La Cour de Justice de l’Union européenne admet désormais qu’une société immatriculée dans un Etat membre transfère son siège statutaire dans un autre Etat membre tout en conservant son siège réel et l’exercice de son activité exclusivement dans son Etat membre d’origine.

En bref, les faits à l’origine de la décision

Lors d’une assemblée générale, les associés d’une société polonaise, dénommée Polbud, décident de transférer le siège social au Luxembourg tout en continuant d’exercer leur activité économique sur le territoire polonais. La société est ainsi ré-immatriculée au Luxembourg sous la forme d’une société de droit luxembourgeois. Par la suite, le registre des sociétés polonais refuse de radier la société polonaise au motif qu’elle ne justifie pas avoir dûment suivie la procédure de liquidation requise en droit polonais en cas de transfert de siège social à l’étranger. Et pour cause, la société Polbud souhaite transférer son siège social au Luxembourg sans pour autant mettre un terme à sa personnalité juridique ni constituer une nouvelle personnalité morale, ce qu’une liquidation suppose.

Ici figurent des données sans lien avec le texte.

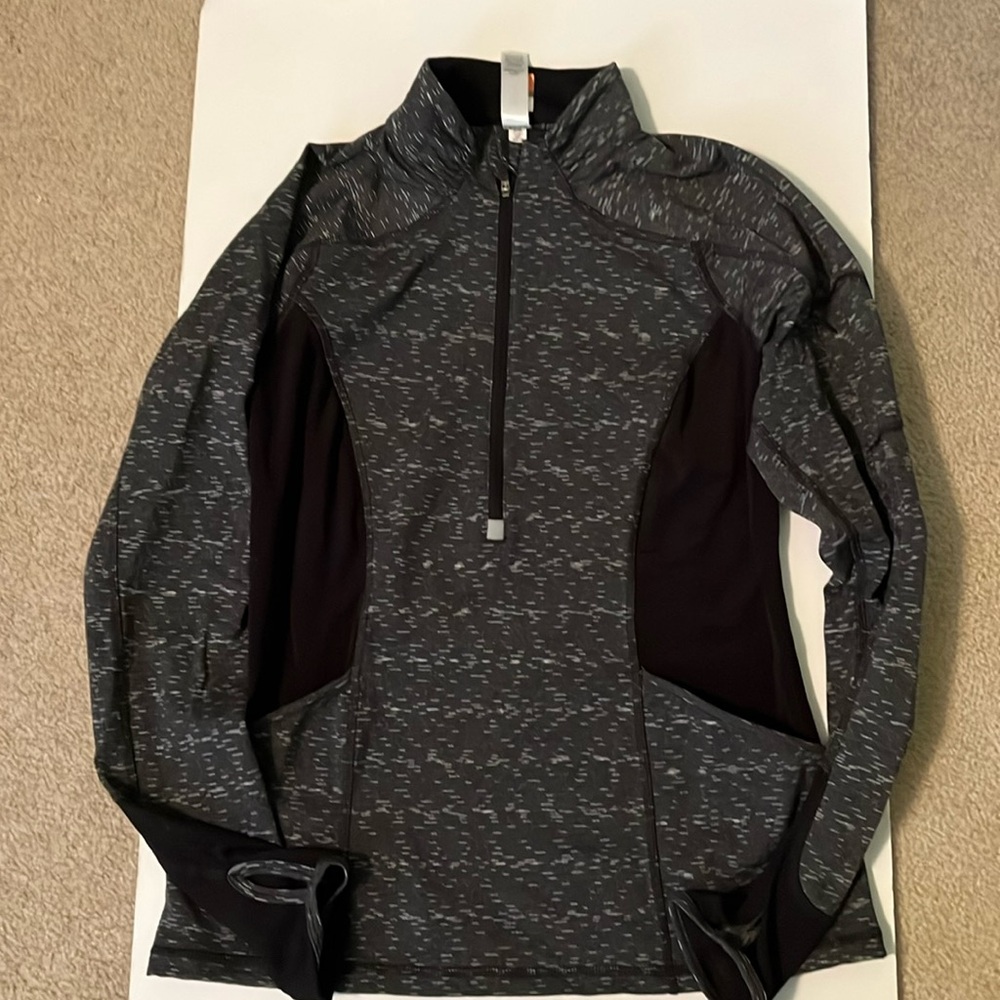 Lucy pullover- Size Medium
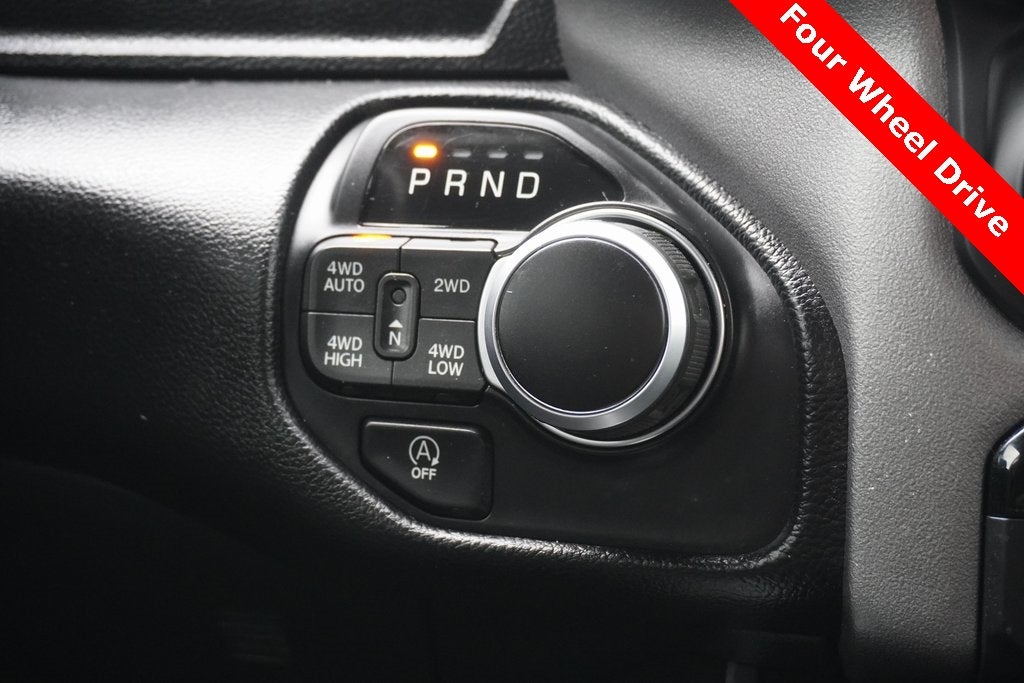 2020 RAM 1500 Big Horn Crew Cab 4x4 5'7' Box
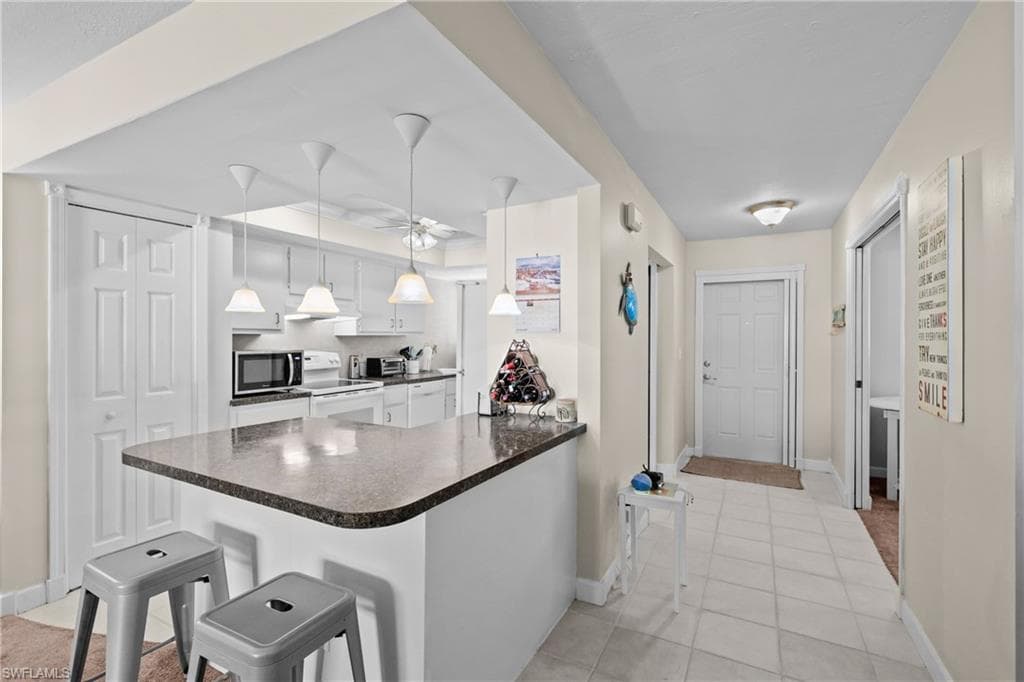 1203 SW 48th TER # 201, CAPE CORAL FL 33914-8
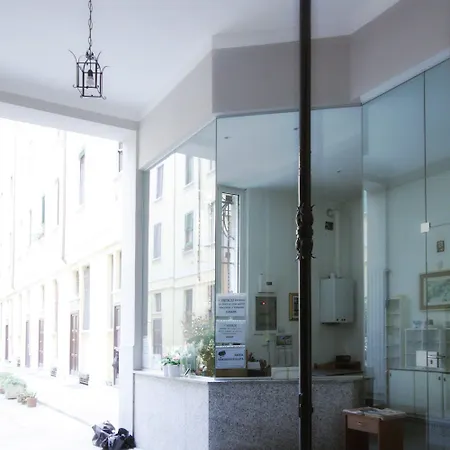 Colorful Porta Romana Daire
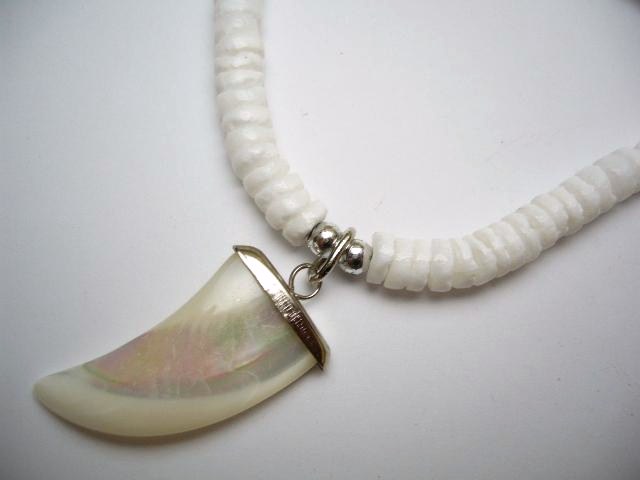 White Mother of Pearl Tusk w/ 18" Litob Clam Shell Necklace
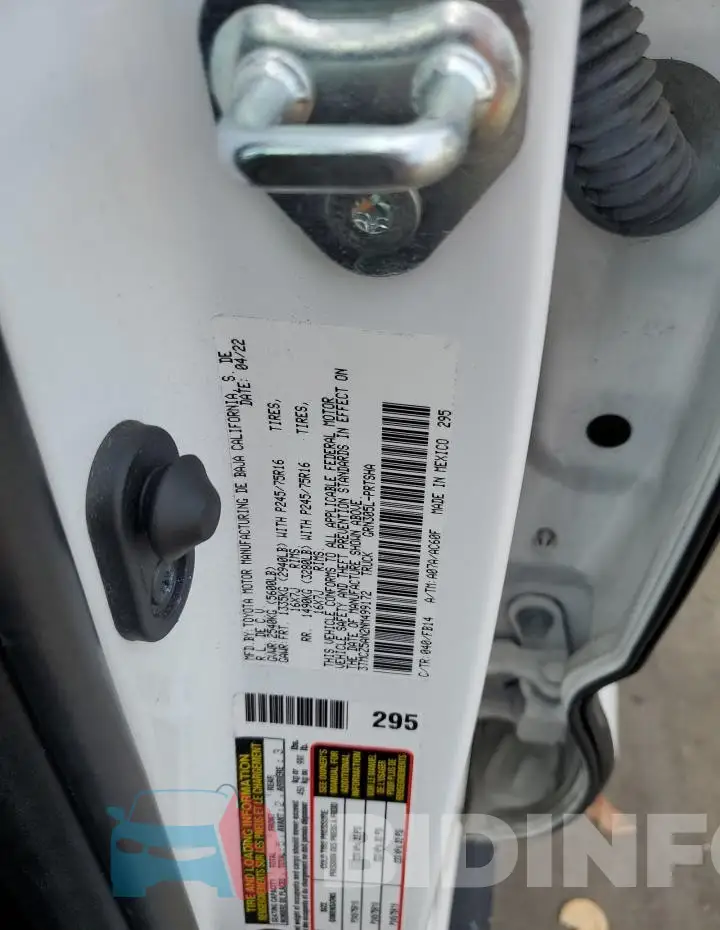 3TMCZ5AN2NM499172 Photo# 12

La CJUE doit ainsi répondre à plusieurs questions dont celle de savoir s’il est possible de contester le régime de radiation imposé par l’Etat membre d’origine de la société, la Pologne, au nom du principe de la liberté d’établissement.

Une décision facilitant une fois de plus la mobilité des sociétés au sein de l’Union européenne

Les sociétés des Etats membres de l’UE bénéficient de la liberté d’établissement garantie par les articles 49 et 54 du Traité sur le fonctionnement de l’Union européenne. Cela implique qu’elles doivent pouvoir s’établir dans l’un des Etats membres et transférer librement leur siège social dans un autre Etat membre en cours de vie sociale.

Avant l’arrêt Polbud, le transfert de siège social au sein de l’UE était régi par différents principes jurisprudentiels énoncés par la CJUE. En effet, en l’absence d’une législation harmonisée au sein de l’UE, nombreux sont les arrêts rendus au sujet du transfert du siège social des sociétés au sein des Etats membres. Ainsi, une société pouvait choisir la loi lui étant applicable en ce qu’elle avait la possibilité de s’immatriculer dans n’importe quel Etat membre, le lieu d’exercice de son activité important peu1. Toutefois, en cours de vie sociale, même si les Etats membres ont l’obligation de faire bénéficier les sociétés européennes de législations nationales favorables à la transformation internationale, l’implantation dans l’Etat membre d’accueil devait être réelle. Cela supposait qu’une activité économique effective soit exercée dans l’Etat membre d’accueil pour pouvoir y transférer son siège social librement2.

Le transfert de siège social d’un Etat membre à un autre devait ainsi être facilité à condition qu’il implique une participation effective et continue à l’économie de l’Etat d’accueil au moyen d’un établissement stable. Or, le transfert du siège social statutaire peut justement être un préalable à l’exercice de son activité au sein d’un Etat membre.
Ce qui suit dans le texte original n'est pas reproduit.